Generating all the possible dicts from an existing dict in terms of values

Question

I have a dictionary of

kwarg = {'a': 0 , 'b': 1 , 'c': 2} and I want to produce all the possible alternative dictionaries in terms of values such as:

x1={'a': 1 , 'b': 0 , 'c':2}

x2={'a': 1 , 'b': 2 , 'c':0}

x3={'a': 0 , 'b': 2 , 'c':1}

x4={'a': 0 , 'b': 1 , 'c':2}

x5={'a': 2 , 'b': 1 , 'c':0}

x6={'a': 2 , 'b': 0 , 'c':1}

but I have 6 elements (0,1,2,3,4,5) and need to use python algorytm.

Answer 1

This would be my take on it , more readable and basic :

import itertools
kwarg = {'a': 0 , 'b': 1 , 'c': 2}
val=list(kwarg.values())
new=list(itertools.permutations(val))
d=dict()
for i in range(0,len(new)):
    for j in range(0,len(new[i])):
        if j==0:
            d['a']=new[i][j]
        if j==1:
            d['b']=new[i][j]
        if j==2:
            d['c']=new[i][j]
    print(d)

Answer 2

Does python algorithm mean that you cannot use any predefined function / modue?

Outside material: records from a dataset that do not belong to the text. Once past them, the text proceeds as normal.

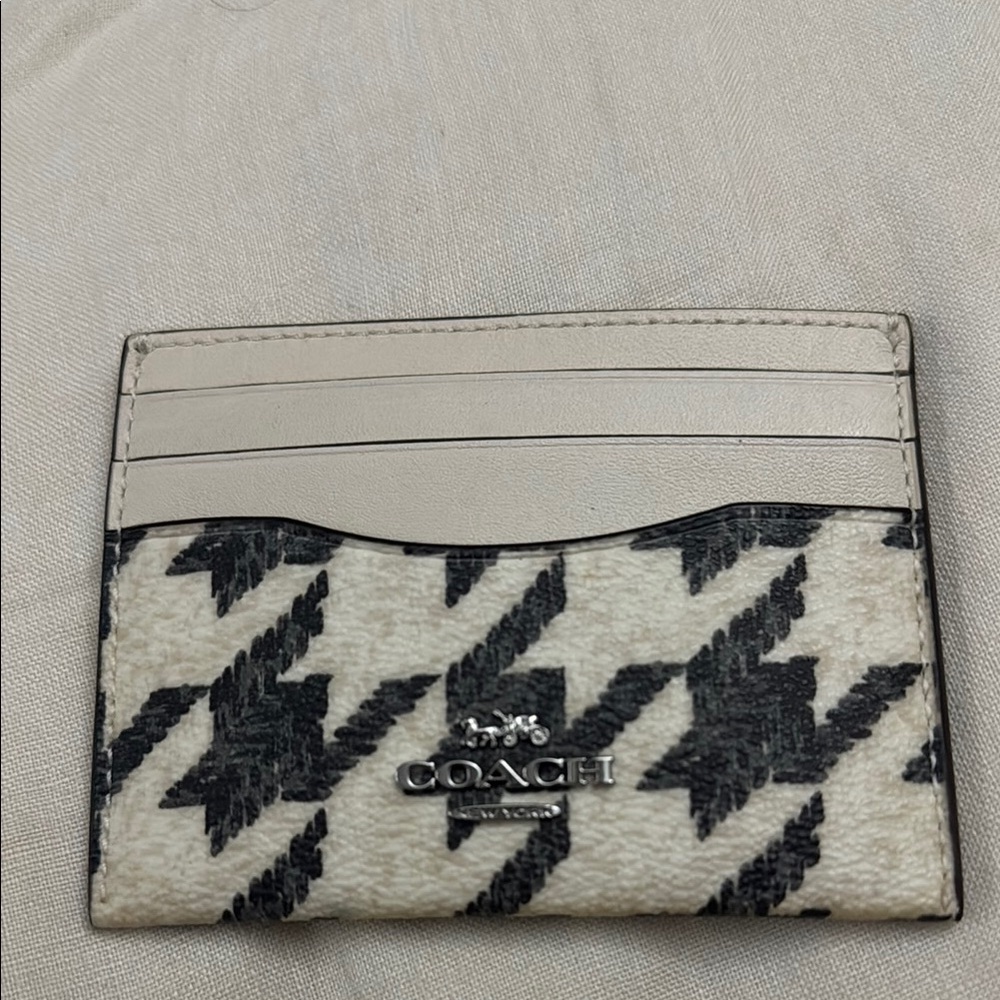 GUC Coach Houndstooth Card Holder
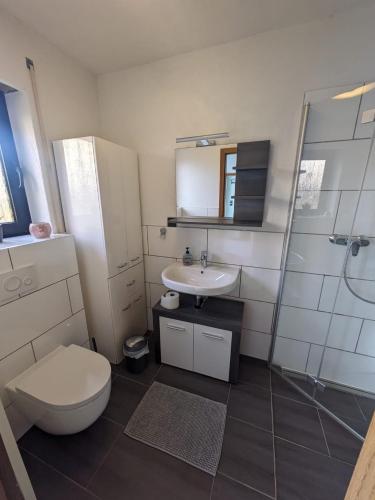 Ванная комната в 2 Schlaf- & 2 Badezimmer - direkte Busverbindung bis Köln Hbf, Messe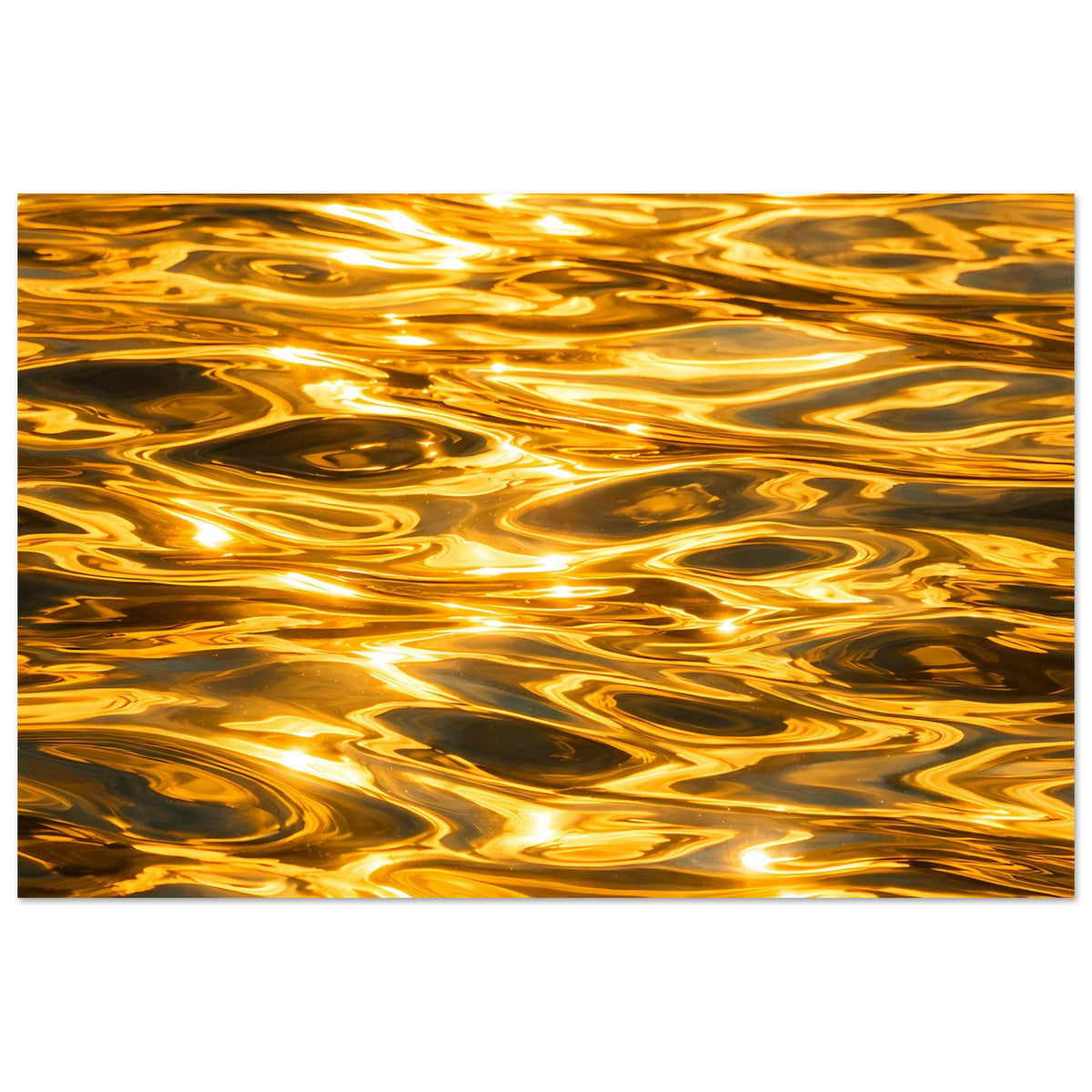 Abstraktes Poster mit gold-orangen Wellenmuster auf mattem Papier, horizontal.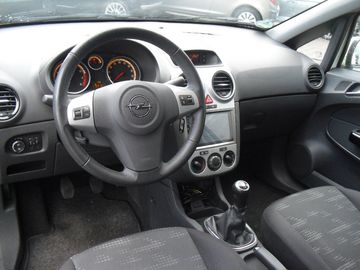 Car image 9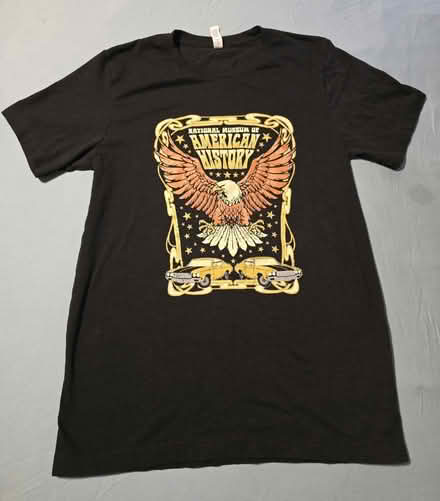Photo of free Natl Museum of American History Tee (West 7th) #1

If yes, the following code may be fine or provide a good starting point:

possibilites = [0, 1, 2, 3, 4, 5]

lstOfDicts = []
for a in possibilites:
    for b in possibilites:
        for c in possibilites:
            lstOfDicts.append({"a" : a, "b" : b, "c" : c})

print(lstOfDicts)

Answer 3

Following code in python3 should do

import itertools


def main():
    '''The Main'''

    kwarg = {'a': 0 , 'b': 1 , 'c': 2}
    keys = kwarg.keys()
    for comb in itertools.permutations(kwarg.values()):
        print(dict(zip(keys, comb)))



if __name__ == '__main__':
    main()